■ Task statement: Copy the listing exactly, please, and keep every picture out of it.

■ Recorded information:

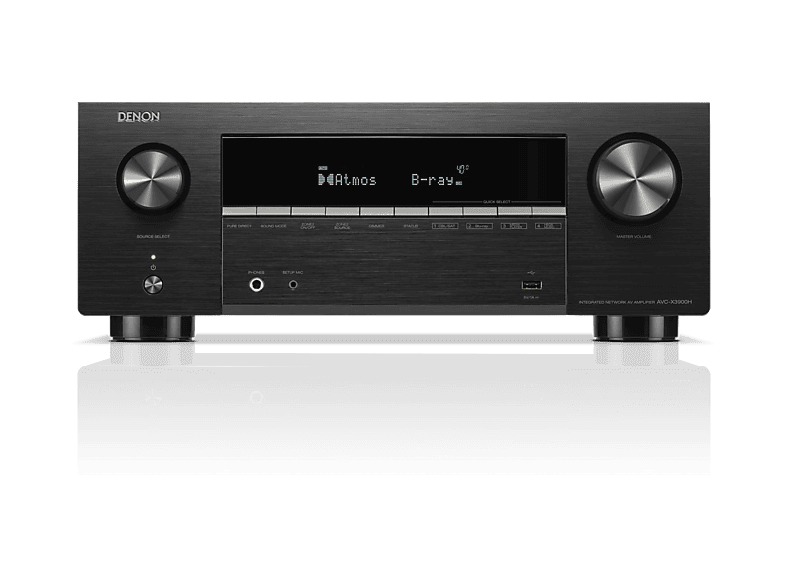 Denon AVCX3900H 9.4-Kanal-AV-Verstärker - 105 W - 4K/8K - Dolby Atmos - Powered by HEOS™; AV-Receiver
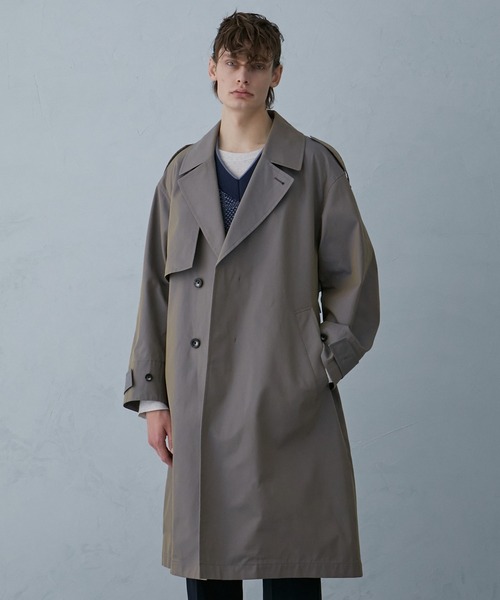 【美品】PUBLIC TOKYO リラックスフィットシンプルトレンチコート PUBLIC TOKYO（パブリックトウキョウ）の「リラックスフィット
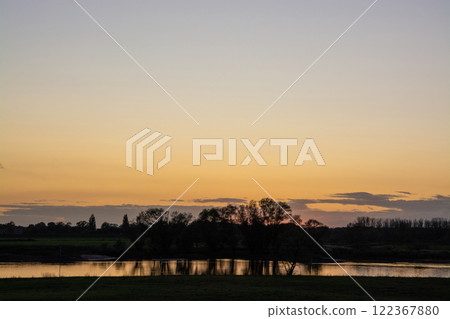 Sunset at the Elbe, Germany Sunset at the Elbe, Germany 122367880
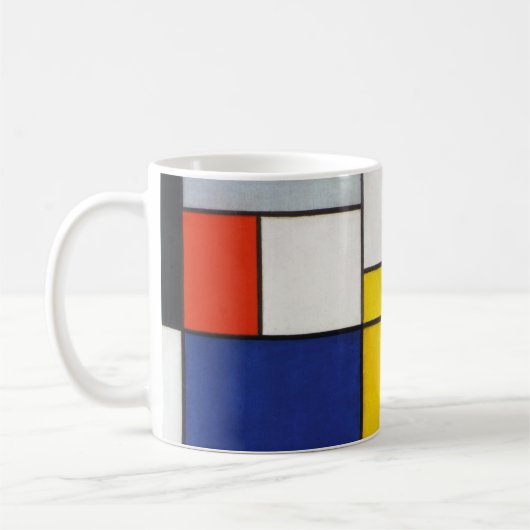 Zusammensetzung, Mondrian Kaffeetasse (Links)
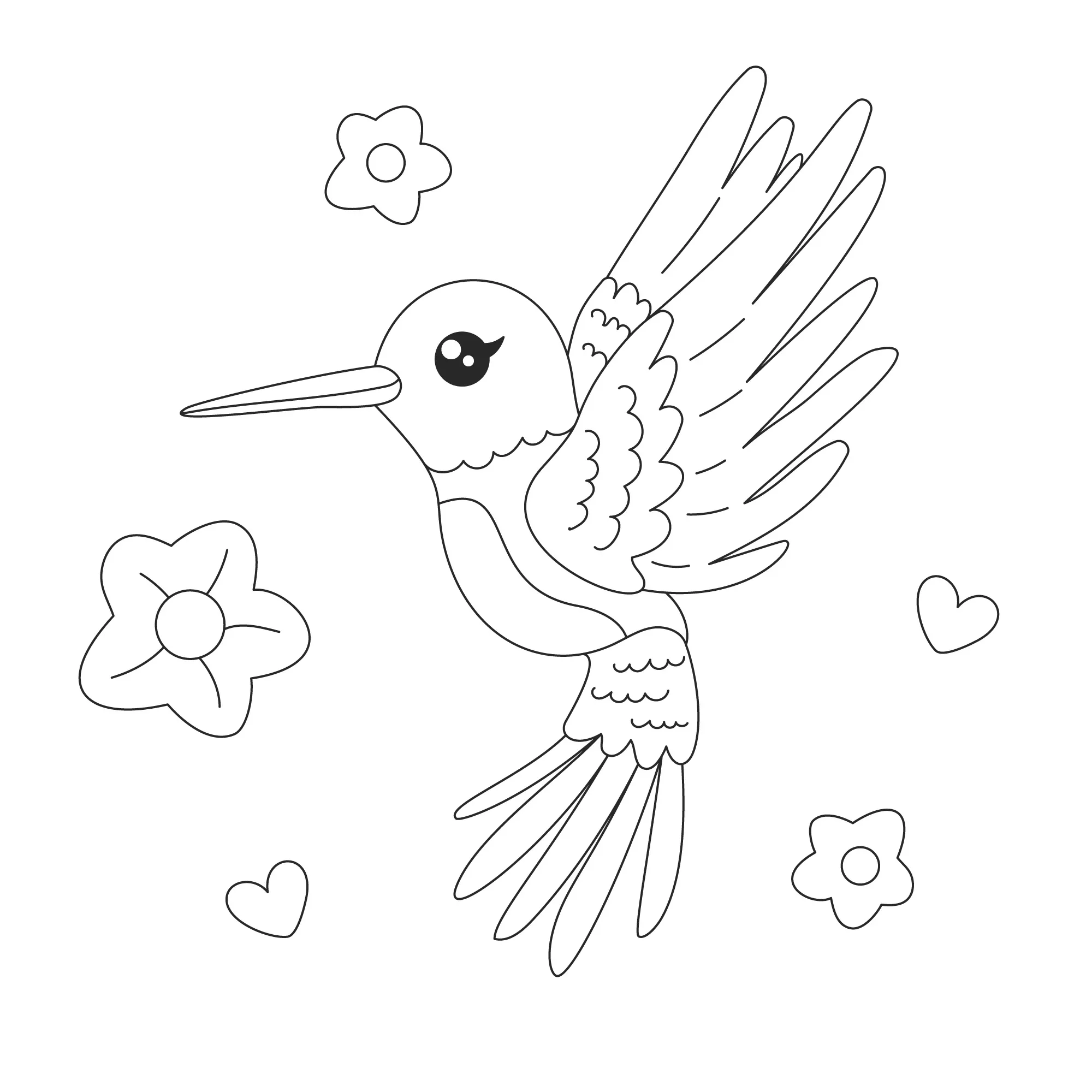 Hummingbird Coloring Pages – 024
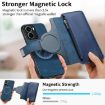 Realme 14 CaseNeo MagSafe RFID Zipper Wallet Leather Case - Blue - 7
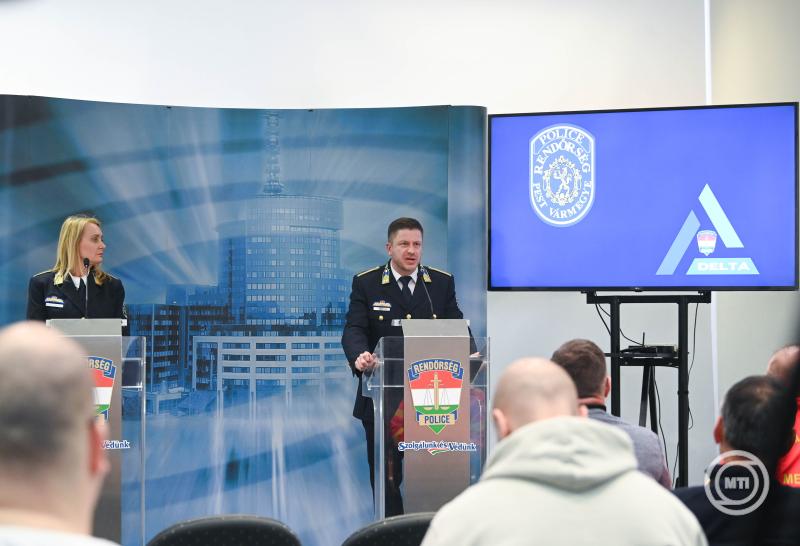 Sajtótájékoztató a Pest Vármegyei Rendőr-főkapitányság legutóbbi felderítéséről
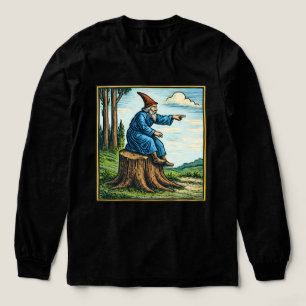 En Tri-matière T-shirt fantaisie rétro médiéval cavalier escargot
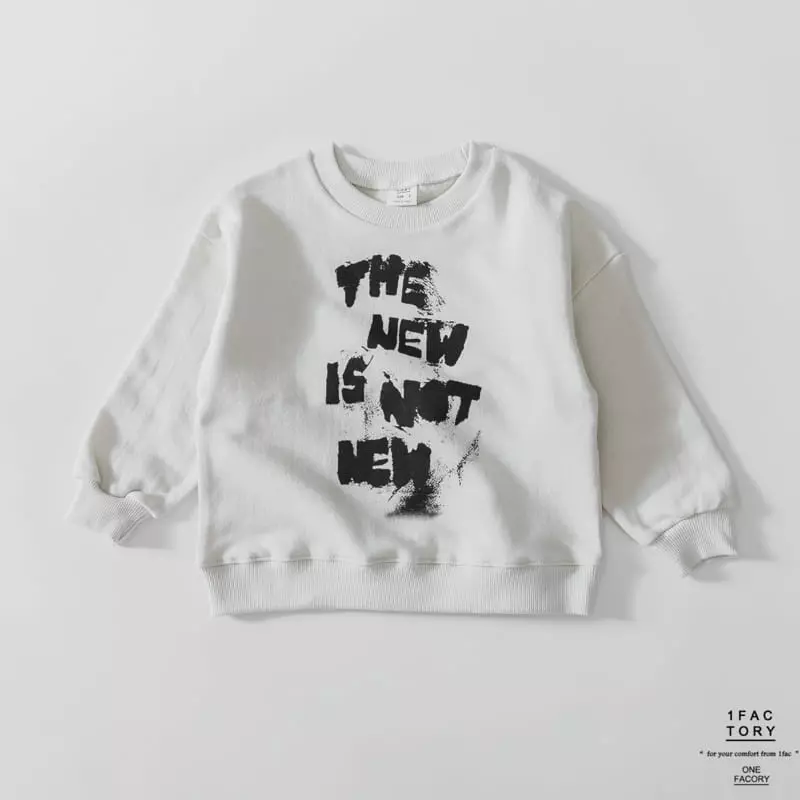 1 Fac - Korean Children Fashion - #kidzfashiontrend - Painting Lettering Sweatshirt - 2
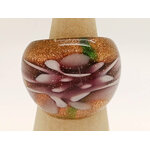 bague fleur violette dore vert BAG03-violet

■ Your solution:
 Denon AVCX3900H 9.4-Kanal-AV-Verstärker - 105 W - 4K/8K - Dolby Atmos - Powered by HEOS™; AV-Receiver
 【美品】PUBLIC TOKYO リラックスフィットシンプルトレンチコート PUBLIC TOKYO（パブリックトウキョウ）の「リラックスフィット
 Sunset at the Elbe, Germany Sunset at the Elbe, Germany 122367880
 Zusammensetzung, Mondrian Kaffeetasse (Links)
 Hummingbird Coloring Pages – 024
 Realme 14 CaseNeo MagSafe RFID Zipper Wallet Leather Case - Blue - 7
 Sajtótájékoztató a Pest Vármegyei Rendőr-főkapitányság legutóbbi felderítéséről
 En Tri-matière T-shirt fantaisie rétro médiéval cavalier escargot
 1 Fac - Korean Children Fashion - #kidzfashiontrend - Painting Lettering Sweatshirt - 2
 bague fleur violette dore vert BAG03-violet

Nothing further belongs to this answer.